Top of The data
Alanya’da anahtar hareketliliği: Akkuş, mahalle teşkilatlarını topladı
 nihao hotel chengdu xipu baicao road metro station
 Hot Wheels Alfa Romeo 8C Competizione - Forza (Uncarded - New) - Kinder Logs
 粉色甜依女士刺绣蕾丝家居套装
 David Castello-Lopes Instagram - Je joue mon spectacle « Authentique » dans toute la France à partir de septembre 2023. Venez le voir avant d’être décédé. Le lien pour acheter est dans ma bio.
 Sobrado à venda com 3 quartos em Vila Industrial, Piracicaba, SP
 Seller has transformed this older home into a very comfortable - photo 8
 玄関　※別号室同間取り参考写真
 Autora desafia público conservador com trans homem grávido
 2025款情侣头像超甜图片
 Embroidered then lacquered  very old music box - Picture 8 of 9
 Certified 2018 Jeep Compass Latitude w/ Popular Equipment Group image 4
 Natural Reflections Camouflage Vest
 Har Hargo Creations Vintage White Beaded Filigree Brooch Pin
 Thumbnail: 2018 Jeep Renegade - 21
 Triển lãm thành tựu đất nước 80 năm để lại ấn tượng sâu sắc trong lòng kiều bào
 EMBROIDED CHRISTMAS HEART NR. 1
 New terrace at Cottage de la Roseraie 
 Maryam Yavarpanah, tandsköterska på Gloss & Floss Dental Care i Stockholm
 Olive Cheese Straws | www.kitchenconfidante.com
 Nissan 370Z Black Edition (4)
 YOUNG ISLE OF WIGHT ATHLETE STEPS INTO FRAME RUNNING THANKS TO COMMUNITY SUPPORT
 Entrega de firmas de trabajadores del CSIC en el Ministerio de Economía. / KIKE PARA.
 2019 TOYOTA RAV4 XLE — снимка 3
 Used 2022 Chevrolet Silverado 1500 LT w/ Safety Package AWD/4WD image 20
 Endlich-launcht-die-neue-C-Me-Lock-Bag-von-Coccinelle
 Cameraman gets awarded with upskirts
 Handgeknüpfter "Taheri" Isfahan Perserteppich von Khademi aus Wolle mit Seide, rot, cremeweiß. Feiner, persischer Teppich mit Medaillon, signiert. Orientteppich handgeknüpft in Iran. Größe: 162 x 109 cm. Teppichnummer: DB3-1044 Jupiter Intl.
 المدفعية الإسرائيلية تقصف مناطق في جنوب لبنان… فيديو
Bottom of The data
-- What the task asks --
Print out each line of the data exactly.

-- Response area --
Alanya’da anahtar hareketliliği: Akkuş, mahalle teşkilatlarını topladı
 nihao hotel chengdu xipu baicao road metro station
 Hot Wheels Alfa Romeo 8C Competizione - Forza (Uncarded - New) - Kinder Logs
 粉色甜依女士刺绣蕾丝家居套装
 David Castello-Lopes Instagram - Je joue mon spectacle « Authentique » dans toute la France à partir de septembre 2023. Venez le voir avant d’être décédé. Le lien pour acheter est dans ma bio.
 Sobrado à venda com 3 quartos em Vila Industrial, Piracicaba, SP
 Seller has transformed this older home into a very comfortable - photo 8
 玄関　※別号室同間取り参考写真
 Autora desafia público conservador com trans homem grávido
 2025款情侣头像超甜图片
 Embroidered then lacquered  very old music box - Picture 8 of 9
 Certified 2018 Jeep Compass Latitude w/ Popular Equipment Group image 4
 Natural Reflections Camouflage Vest
 Har Hargo Creations Vintage White Beaded Filigree Brooch Pin
 Thumbnail: 2018 Jeep Renegade - 21
 Triển lãm thành tựu đất nước 80 năm để lại ấn tượng sâu sắc trong lòng kiều bào
 EMBROIDED CHRISTMAS HEART NR. 1
 New terrace at Cottage de la Roseraie 
 Maryam Yavarpanah, tandsköterska på Gloss & Floss Dental Care i Stockholm
 Olive Cheese Straws | www.kitchenconfidante.com
 Nissan 370Z Black Edition (4)
 YOUNG ISLE OF WIGHT ATHLETE STEPS INTO FRAME RUNNING THANKS TO COMMUNITY SUPPORT
 Entrega de firmas de trabajadores del CSIC en el Ministerio de Economía. / KIKE PARA.
 2019 TOYOTA RAV4 XLE — снимка 3
 Used 2022 Chevrolet Silverado 1500 LT w/ Safety Package AWD/4WD image 20
 Endlich-launcht-die-neue-C-Me-Lock-Bag-von-Coccinelle
 Cameraman gets awarded with upskirts
 Handgeknüpfter "Taheri" Isfahan Perserteppich von Khademi aus Wolle mit Seide, rot, cremeweiß. Feiner, persischer Teppich mit Medaillon, signiert. Orientteppich handgeknüpft in Iran. Größe: 162 x 109 cm. Teppichnummer: DB3-1044 Jupiter Intl.
 المدفعية الإسرائيلية تقصف مناطق في جنوب لبنان… فيديو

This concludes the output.